Start of DATA

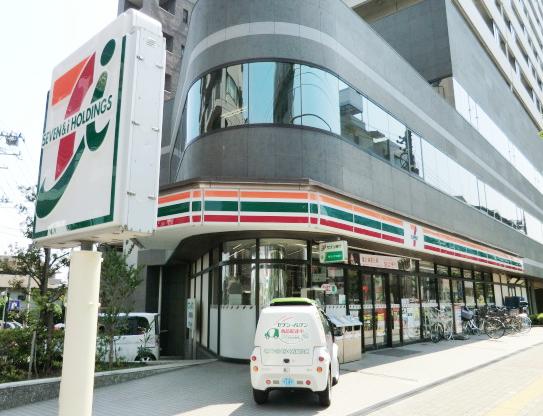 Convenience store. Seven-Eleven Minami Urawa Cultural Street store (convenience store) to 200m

End of DATA
Start of DATA

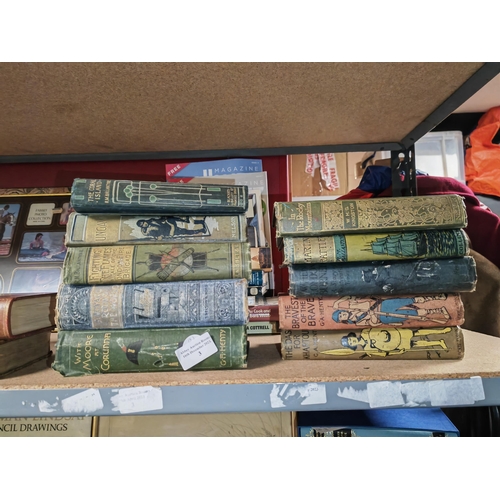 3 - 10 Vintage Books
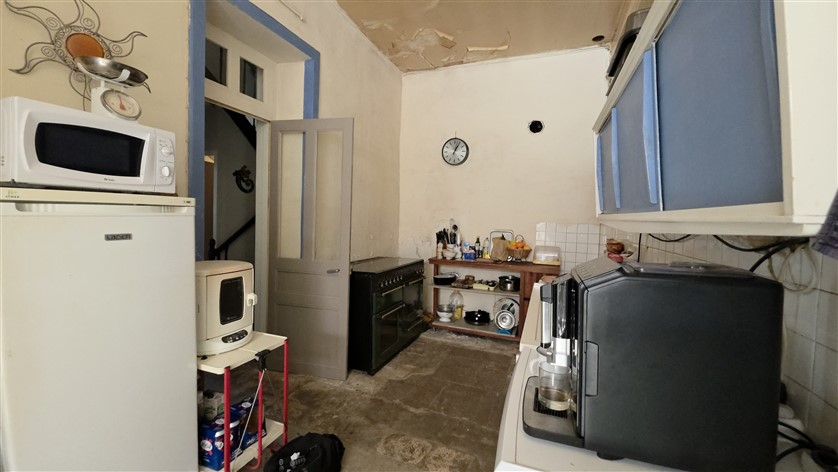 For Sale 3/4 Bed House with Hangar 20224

End of DATA
Start of DATA

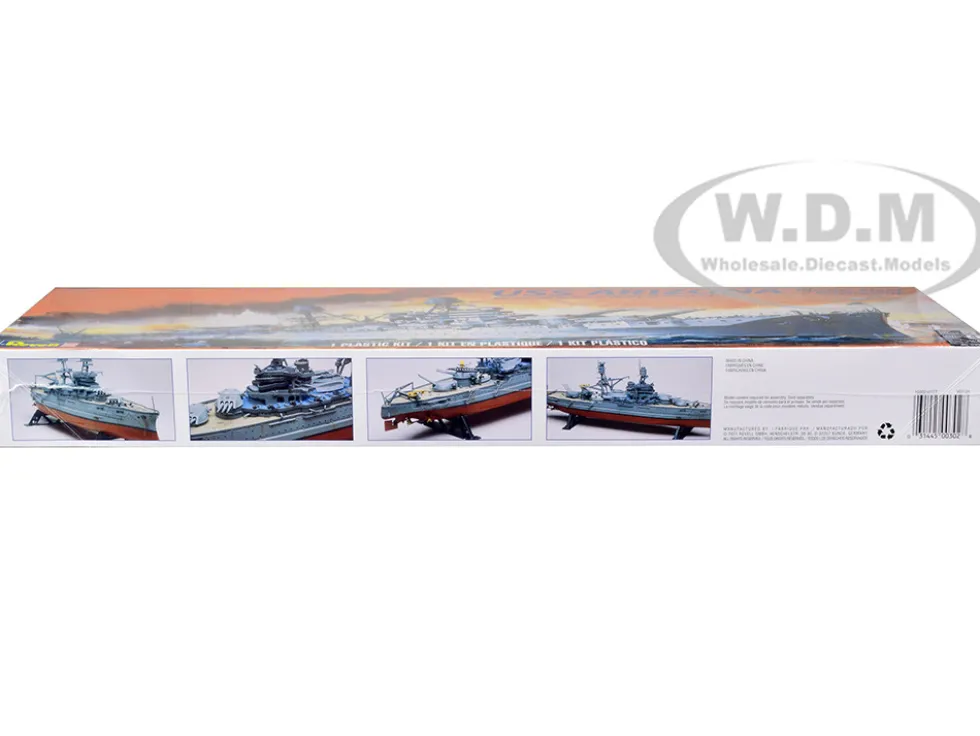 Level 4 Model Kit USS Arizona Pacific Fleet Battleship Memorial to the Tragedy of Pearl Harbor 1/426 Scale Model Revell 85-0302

End of DATA

◆ WHAT YOU HAVE TO DO:
Exactly the lines starting at the one above with "3 - 10 Vintage Books" and ending at the one with "For Sale 3/4 Bed House with Hangar 20224" should be printed, and nothing else. Omit the pictures.

◆ TASK OUTPUT:
 3 - 10 Vintage Books
 For Sale 3/4 Bed House with Hangar 20224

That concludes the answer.